Speaker
Description
Detectability of the $r$-mode gravitational-wave signal depends on the interplay between the mode amplification by the CFS instability and its damping by dissipative mechanisms, operating in the stellar matter. Those stellar parameters - usually, the angular velocity, $\Omega$, and redshifted temperature, $T^\infty$, - for which the mode is unstable, define the $r$-mode instability window. We revisit this problem in nonbarotropic neutron stars, accounting for the previously overlooked relativistic $r$-mode nonanalytic behavior (in $\Omega$) and enhanced energy dissipation due to diffusion in superconducting stellar matter.

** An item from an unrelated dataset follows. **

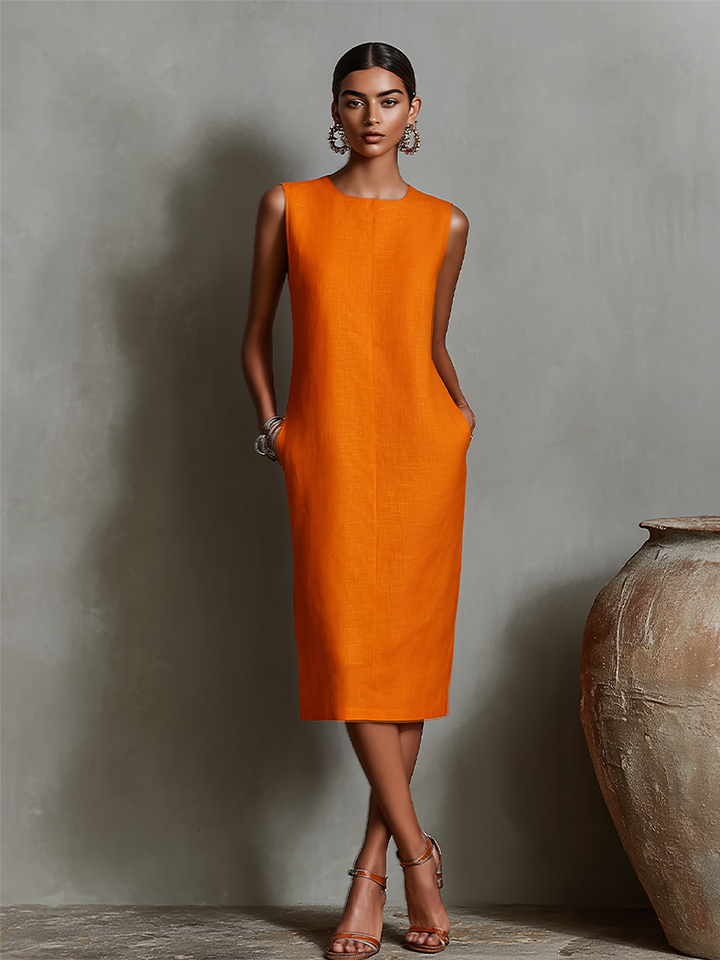 Morgan & Brooke | Orange Linen Sleeveless Evening Dress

We show that, at slow rotation rates, relativistic $r$-modes are amplified by the CFS instability weaker than Newtonian ones, while their viscous and diffusive dissipation is, instead, significantly more efficient. At realistic rotation rates relativistic and Newtonian $r$-mode amplification by CFS mechanism and damping by shear viscosity become comparable, while the relativistic mode damping by diffusion and bulk viscosity remain significantly stronger than nonrelativistic ones. As a result, accounting simultaneously for diffusion and relativistic $r$-mode nonanalyticity drastically changes the $r$-mode instability window as compared to the Newtonian one. This effect is of paramount importance for the interpretation of the future gravitational-wave observations and understanding of the $r$-mode physics in general.